The demon is something that is very much on the mind of Kurt Wallander, especially as it is one that is so close to home and one that can be triggered at any moment; getting into fights with a motorcycle gang is not going to improve matters and neither is the finding of a woman’s unattended corpse in the Swedish fields surrounding a nursing home.
A Lesson in Love is one perhaps that we should all heed, that we should take notice of and remember, for love is binding, soft and tender, frightening and prone to leaving us feeling lost, emotionally distraught and forever in a wilderness. It is the moment in which it can make us forget everything bad, everything that life can throw at us and it can also make us forget ourselves. It can also damage us and make us believe that the world has forgotten us completely.
The episode leads the viewer into the world of bitter disputes and dangerous games played with people who have little time for the law.
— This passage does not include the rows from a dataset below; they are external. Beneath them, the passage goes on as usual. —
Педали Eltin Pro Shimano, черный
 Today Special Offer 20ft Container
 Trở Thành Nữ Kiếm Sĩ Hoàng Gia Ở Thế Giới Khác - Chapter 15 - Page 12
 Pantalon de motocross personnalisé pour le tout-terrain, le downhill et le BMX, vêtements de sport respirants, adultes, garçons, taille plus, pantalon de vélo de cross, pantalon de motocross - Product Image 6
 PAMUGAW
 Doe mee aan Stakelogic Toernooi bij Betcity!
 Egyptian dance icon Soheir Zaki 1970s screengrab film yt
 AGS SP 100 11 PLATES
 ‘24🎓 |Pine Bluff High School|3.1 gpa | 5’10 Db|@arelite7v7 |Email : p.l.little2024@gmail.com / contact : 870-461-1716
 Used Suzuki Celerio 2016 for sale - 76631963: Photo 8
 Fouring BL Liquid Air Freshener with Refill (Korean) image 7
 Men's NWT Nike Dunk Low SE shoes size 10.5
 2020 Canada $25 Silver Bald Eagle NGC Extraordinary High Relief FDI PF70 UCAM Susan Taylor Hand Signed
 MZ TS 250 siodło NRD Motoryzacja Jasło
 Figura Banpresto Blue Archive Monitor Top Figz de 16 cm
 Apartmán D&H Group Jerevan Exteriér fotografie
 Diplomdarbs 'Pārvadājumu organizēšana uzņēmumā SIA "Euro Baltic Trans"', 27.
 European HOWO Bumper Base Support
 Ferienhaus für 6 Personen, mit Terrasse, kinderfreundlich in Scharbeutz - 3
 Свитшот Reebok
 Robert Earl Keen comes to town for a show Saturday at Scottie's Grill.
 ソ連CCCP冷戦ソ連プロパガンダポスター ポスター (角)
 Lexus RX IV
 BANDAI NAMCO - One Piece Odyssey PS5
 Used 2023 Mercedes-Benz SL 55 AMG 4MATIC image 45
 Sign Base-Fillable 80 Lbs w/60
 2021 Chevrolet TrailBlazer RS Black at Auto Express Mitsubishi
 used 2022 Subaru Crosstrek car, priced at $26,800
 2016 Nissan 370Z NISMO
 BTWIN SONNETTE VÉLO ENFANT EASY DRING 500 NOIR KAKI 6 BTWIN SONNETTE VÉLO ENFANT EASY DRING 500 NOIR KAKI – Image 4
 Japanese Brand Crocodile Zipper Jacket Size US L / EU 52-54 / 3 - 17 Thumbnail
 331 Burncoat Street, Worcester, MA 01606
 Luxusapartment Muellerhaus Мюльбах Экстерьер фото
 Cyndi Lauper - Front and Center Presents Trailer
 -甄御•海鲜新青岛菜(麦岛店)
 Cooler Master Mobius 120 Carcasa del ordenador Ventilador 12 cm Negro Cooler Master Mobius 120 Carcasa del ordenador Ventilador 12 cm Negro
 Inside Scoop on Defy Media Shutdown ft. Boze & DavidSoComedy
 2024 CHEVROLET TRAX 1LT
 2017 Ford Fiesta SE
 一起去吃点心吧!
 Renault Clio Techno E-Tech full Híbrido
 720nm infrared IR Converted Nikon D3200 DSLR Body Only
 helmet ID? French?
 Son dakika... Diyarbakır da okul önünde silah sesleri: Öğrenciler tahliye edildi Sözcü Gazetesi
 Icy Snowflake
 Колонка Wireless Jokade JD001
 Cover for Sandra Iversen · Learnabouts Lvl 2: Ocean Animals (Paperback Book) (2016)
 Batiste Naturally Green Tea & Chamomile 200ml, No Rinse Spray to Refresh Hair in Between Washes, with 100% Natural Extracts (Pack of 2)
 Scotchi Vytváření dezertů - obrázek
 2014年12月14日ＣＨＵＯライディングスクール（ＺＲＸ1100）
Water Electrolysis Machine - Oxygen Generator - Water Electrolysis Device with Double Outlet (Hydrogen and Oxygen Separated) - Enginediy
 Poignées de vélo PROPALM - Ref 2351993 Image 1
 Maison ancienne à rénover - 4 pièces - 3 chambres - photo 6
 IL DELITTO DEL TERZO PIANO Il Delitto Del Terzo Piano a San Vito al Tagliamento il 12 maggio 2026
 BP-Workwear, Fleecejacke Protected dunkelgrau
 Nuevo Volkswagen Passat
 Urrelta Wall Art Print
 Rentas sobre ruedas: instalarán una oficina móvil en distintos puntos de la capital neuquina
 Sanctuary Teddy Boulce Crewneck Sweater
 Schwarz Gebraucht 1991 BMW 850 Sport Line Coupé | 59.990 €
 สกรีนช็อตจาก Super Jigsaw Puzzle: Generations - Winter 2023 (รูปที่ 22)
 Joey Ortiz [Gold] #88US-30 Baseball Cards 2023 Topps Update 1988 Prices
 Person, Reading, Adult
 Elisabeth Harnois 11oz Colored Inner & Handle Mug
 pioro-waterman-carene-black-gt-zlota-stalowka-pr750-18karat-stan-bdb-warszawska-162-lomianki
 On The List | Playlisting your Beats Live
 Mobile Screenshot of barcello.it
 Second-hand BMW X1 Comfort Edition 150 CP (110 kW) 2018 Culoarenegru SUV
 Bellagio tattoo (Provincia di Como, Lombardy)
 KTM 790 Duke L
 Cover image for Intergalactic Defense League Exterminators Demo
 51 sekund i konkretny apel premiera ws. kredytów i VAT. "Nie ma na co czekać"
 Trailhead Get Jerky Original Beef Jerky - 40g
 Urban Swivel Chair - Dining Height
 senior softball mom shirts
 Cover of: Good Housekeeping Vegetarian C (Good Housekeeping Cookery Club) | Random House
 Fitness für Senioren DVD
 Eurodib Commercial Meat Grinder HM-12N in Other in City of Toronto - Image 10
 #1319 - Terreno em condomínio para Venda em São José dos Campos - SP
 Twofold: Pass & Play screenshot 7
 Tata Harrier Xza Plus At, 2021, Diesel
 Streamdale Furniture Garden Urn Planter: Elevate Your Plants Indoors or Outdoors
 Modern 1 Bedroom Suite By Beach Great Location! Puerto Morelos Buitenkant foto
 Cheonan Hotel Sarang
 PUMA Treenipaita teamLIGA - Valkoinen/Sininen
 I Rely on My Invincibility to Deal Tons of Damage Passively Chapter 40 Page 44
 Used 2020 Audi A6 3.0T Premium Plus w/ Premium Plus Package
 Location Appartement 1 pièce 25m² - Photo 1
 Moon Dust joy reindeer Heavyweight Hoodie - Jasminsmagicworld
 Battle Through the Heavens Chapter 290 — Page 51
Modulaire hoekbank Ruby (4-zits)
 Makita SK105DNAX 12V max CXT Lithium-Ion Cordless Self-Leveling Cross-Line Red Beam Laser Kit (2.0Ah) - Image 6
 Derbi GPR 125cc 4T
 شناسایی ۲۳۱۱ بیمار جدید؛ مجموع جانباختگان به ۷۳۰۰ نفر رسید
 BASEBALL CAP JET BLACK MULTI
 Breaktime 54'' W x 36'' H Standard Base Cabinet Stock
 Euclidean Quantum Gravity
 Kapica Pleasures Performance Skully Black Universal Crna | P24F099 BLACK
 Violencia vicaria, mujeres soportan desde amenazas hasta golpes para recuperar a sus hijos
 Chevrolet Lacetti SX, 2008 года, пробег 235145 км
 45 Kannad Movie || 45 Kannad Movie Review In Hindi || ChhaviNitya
Whilst it is easy to use motorcycle gangs as a precursor, and a set of people that for the vast majority of time are actually among the most caring in society, the point is taken and used to absolute effect and in Clive Wood’s performance as the leader of the leather clad gang, the tension between the outsiders and the law is revved up to a place in which there are no winners and only loss is the place in which to suffer.
After the much debated opening episode of the last series, White Lioness, A Lesson in Love puts Wallander back on track, the gentleness of the man as he runs from his own demons is to be explored further no doubt but like the lion in the African sun, that demon, once it gets its teeth into you, is never going to be shook off.